Farrugia, who chairs the committee, last week decided that rather than adopt the report’s findings and move to sanction the MP, further investigation was required to be certain that Cutajar had indeed broken the code of ethics.

According to the committee’s rulebook, ethics investigations can be adopted, rejected or investigated further. Adopting the report would have led to Cutajar being asked to make an apology or face sanctions, to be decided by the committee. 

Plan to hear tax commissioner Marvin Gaerty

The government members on the committee proposed at the last meeting that they should meet again on Monday and hear the testimony of Inland Revenue Commissioner Marvin Gaerty.

The opposition members agreed, on the condition that the government side committed itself to also summon Cutajar’s associate, Charles Farrugia.

However, they failed to reach an agreement on the matter during a heated sitting last Tuesday. Arguing he had other business to attend to in parliament, Farrugia ended the sitting without an agreement having been reached on when to meet again and who to summon.

Farrugia fixes his tax issues

Farrugia, a long-time associate of Cutajar, informed the committee last week that he had regularised his tax position, claiming to have received some €120,000 from the property deal.

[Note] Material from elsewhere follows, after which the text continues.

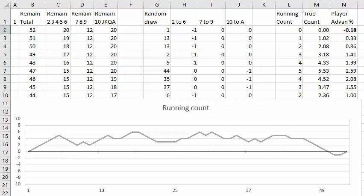If you're playing blackjack and you're counting cards, you probably would like to know how often the running count is favorable. This graph shows the running count during the progress of one deck of blackjack play.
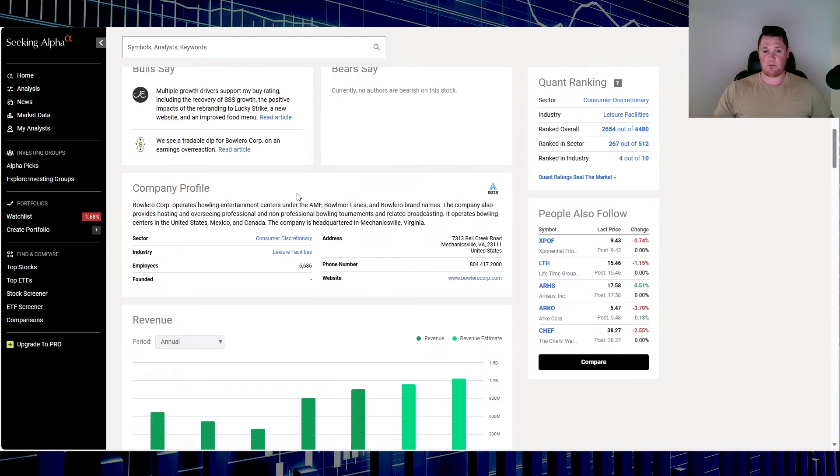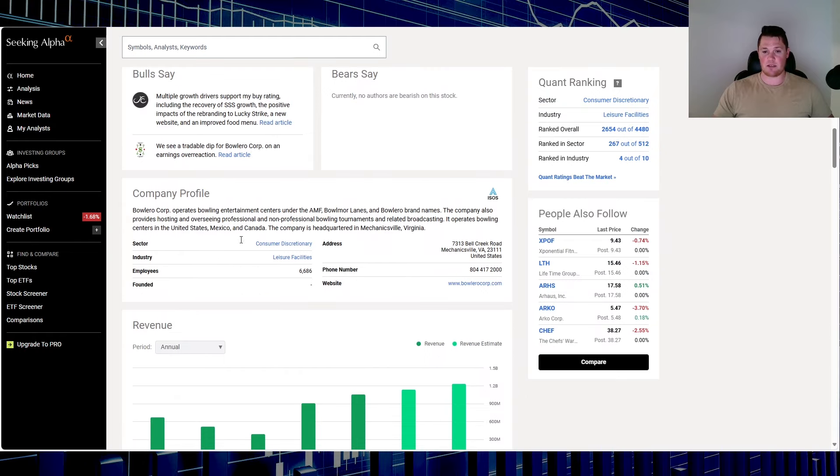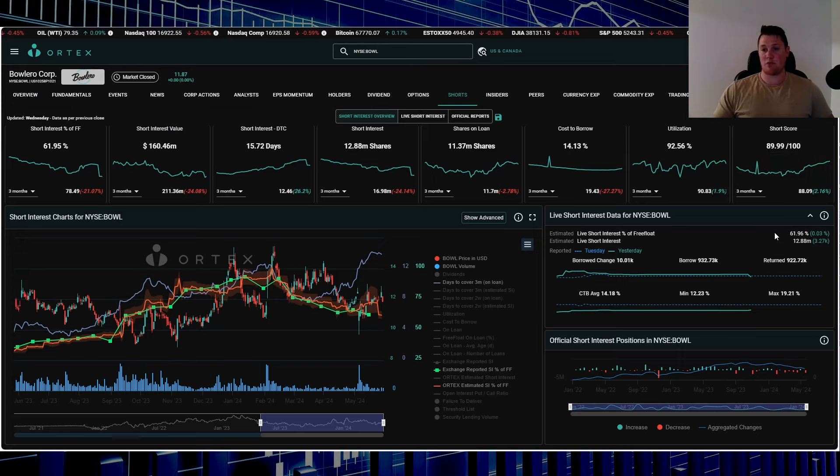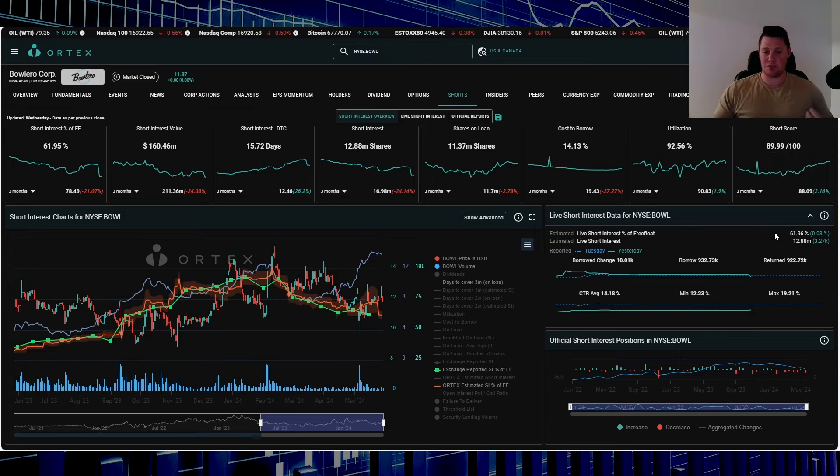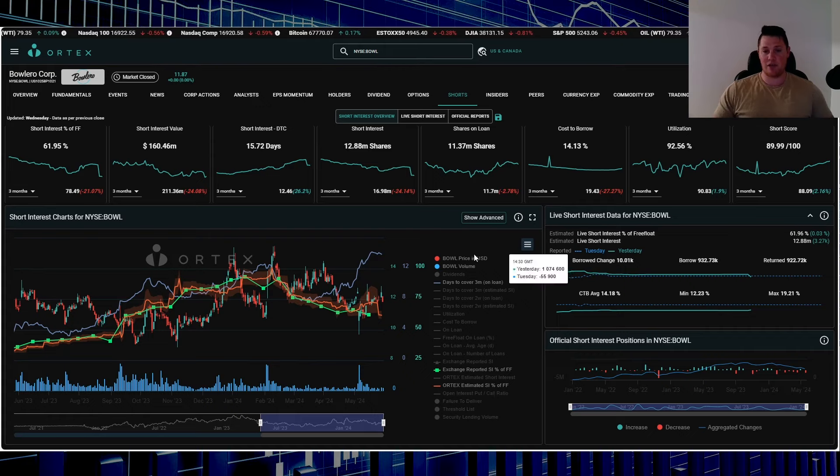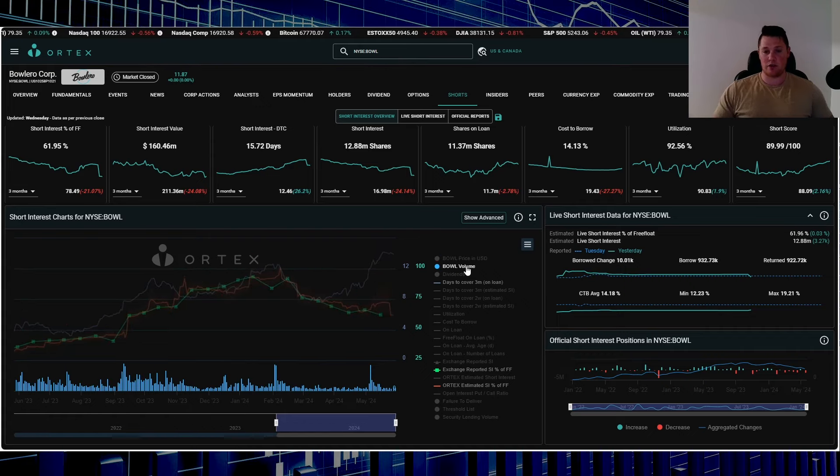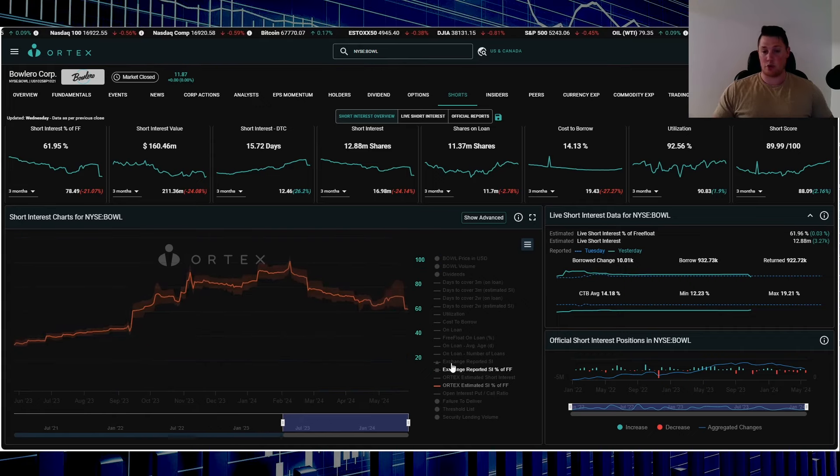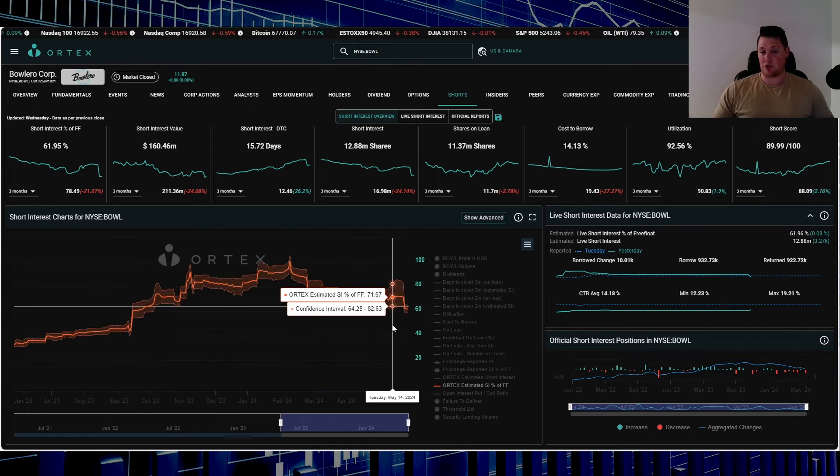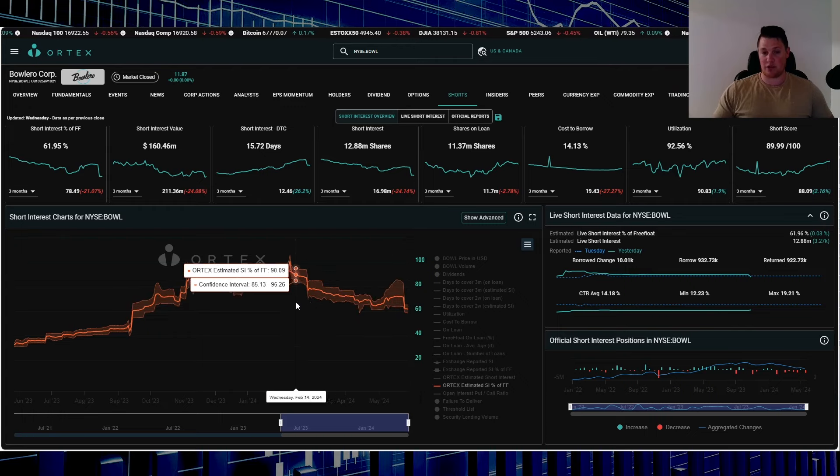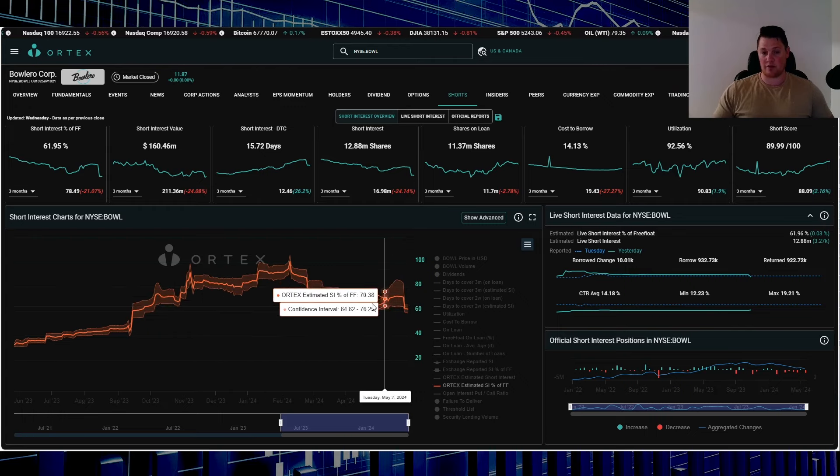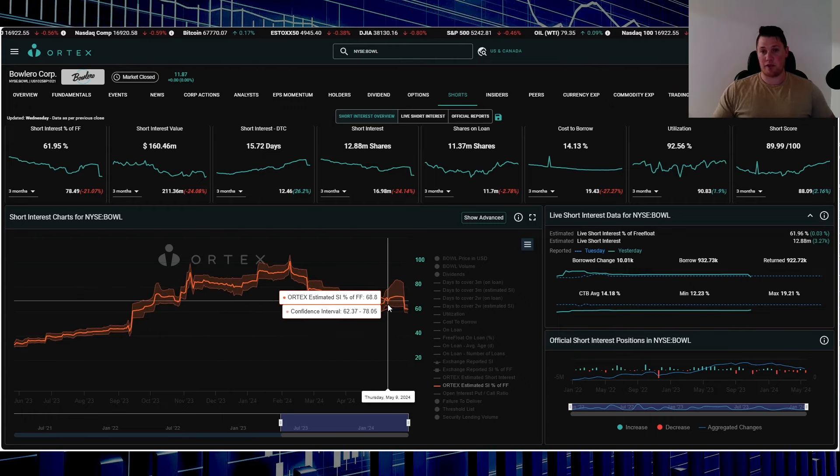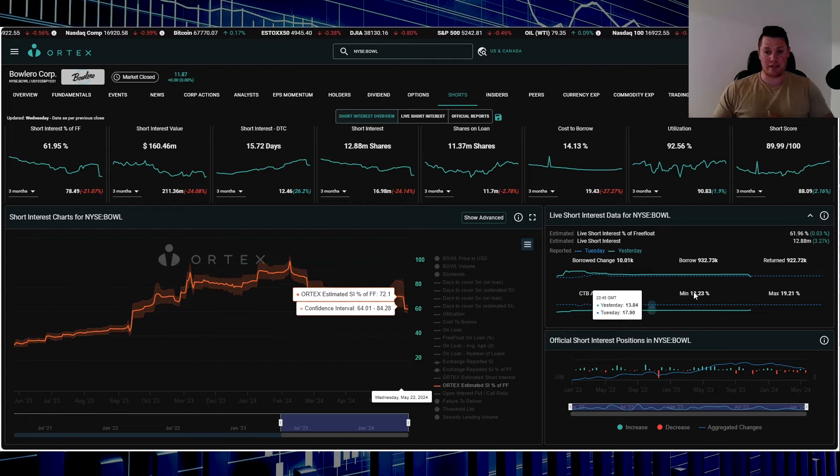This is what they do, so you can always pause it and read through it. Right here, 61.96% of the free float is being shorted—very high stuff. Even if we look at the chart itself, shorts have been returning some shares, quite a lot in fact, over this last little bit.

The committee spent around an hour bickering over the matter of who should be brought to testify on Monday, with the speaker eventually giving up on what had become a desperate scene. He kept reminding both sides that it was up to them to agree on a date and an agenda.

“This is not the way a committee should conduct itself,” he said, before walking out of the room.  

Members of the committee will now have to write to the speaker to set a new date for the committee but, with both sides still disagreeing over the witnesses to be summoned, the speaker may have to use his casting vote to decide on the way forward.